The clergy seemed to follow the same trajectories as royalty and the nobility, the central statuses of the old regime. All of them created dynasties, even clerical families, though ecclesiastical offices were not hereditary. Even so the clerical profession ran in the family for generations, in old clerical families up to the nineteenth century. Sons of old clerical families moved in large numbers to non-clerical professions in the nineteenth century, at the same time as noblemen transferred from their traditional occupations to new ones—in fact to the very same occupations that the clergymen’s sons chose to pursue. But before that, during their heyday they created their careers and contracted marriages in a very dynastic way: the succession of the priesthood in several successive generations and marriages to priests or their daughters made them clerical families, if not necessarily proper dynasties.

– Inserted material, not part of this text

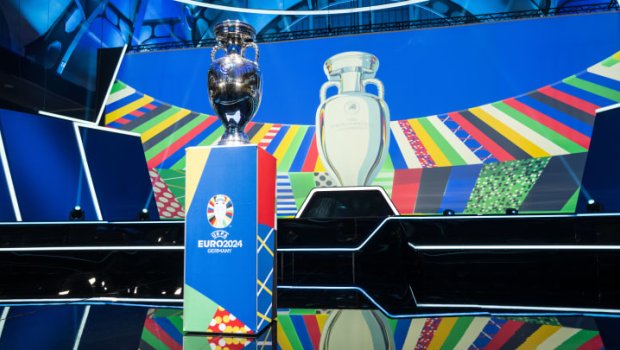 AVRO-2024: Bu gün son 3 vəsiqənin sahibi məlum olacaq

The internal coherence of the clerical marriage market—just as the exclusiveness of the marriage markets of royalty and the nobility—contributed to a relatively large number of cousin marriages. But it also increased singlehood, not for priests but for their brothers who chose to pursue other occupations. The clerical marriage market consisted in large part of a network of father’s colleagues and sons’ fellow students of theology. Non-clerical sons might well have felt out of place in this homogeneous network, but it was certainly not easy for them to plunge into some other marriage market at the time when spouses were usually found in the family circle and in a clan where this practice had long been followed. Daughters of old clerical families had an analogous problem: they were under intense pressure to find a cleric-husband, and if this was not possible, it was better to remain unmarried. It was not only at the pinnacle of power then that socially restricted marriage markets developed, but the same happened in slightly lower ranks as well, in our case among parish priests who were bound to their being part of the clergy, an Estate and a central component of the old regime.

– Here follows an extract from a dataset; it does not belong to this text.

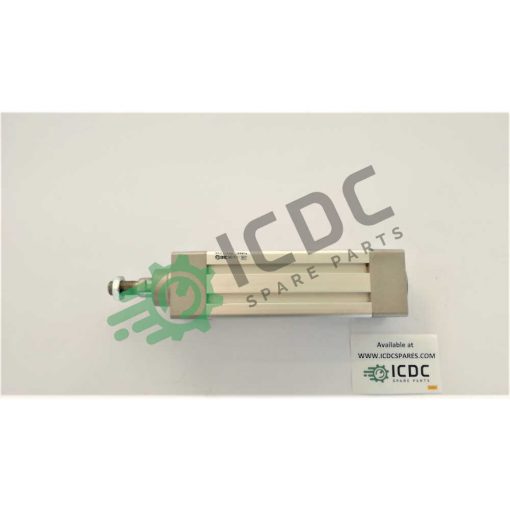SMC - CP95SDB40-72 - Cilindri - immagine 3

One way out and up from the priesthood led to the professoriate, a route of recruitment that had been the clergy’s privilege from the seventeenth through to the nineteenth century—professors were typically priests’ sons. The rise of professionalism in the nineteenth century widened the social scope of recruitment, but not beyond upper- and middleranking families. The first dramatic change was the virtual disappearance of clergymen’s sons from professors’ family backgrounds during the twentieth century. Another radical change came in the 1960s and 1970s when first the share of farmers’ children and then the share of workers’ children in the professoriate increased to almost one-fifth apiece. Similar tendencies were seen in other European countries as well. In the end it seemed that societies had properly opened up: family background did not count for much in academia.

This is not, however, the whole story. An examination of whom professors married creates a rather different picture. From the seventeenth century on, professors have married women from a higher social background than their own. In the nineteenth century this upward tendency was crowned with marriages into noble families and with their own ennoblements. Thus, professors came to be a similar upwardly status group as entrepreneurial dynasties, testing their status equivalence with the nobility by marriages. Marriages to farmers and workers, by contrast, have remained very rare up to the present day, although at one point almost 40 per cent of professors were farmers’ or workers’ children. A vast majority of professors married their approximate social equals, learned professionals, but the situation is very different for identical status equivalence. The gender difference is particularly interesting: only a tiny minority of male professors married female professors, but one-third of female professors married male professors. When docents—nowadays in English adjunct professors—and other doctoral-level researchers are taken into account the share of academia is higher, close to one-fifth for male professors and one-half for female professors. Academia, this small world of its own, limits networking to its own inner circle—a good foundation for an exclusive marriage market.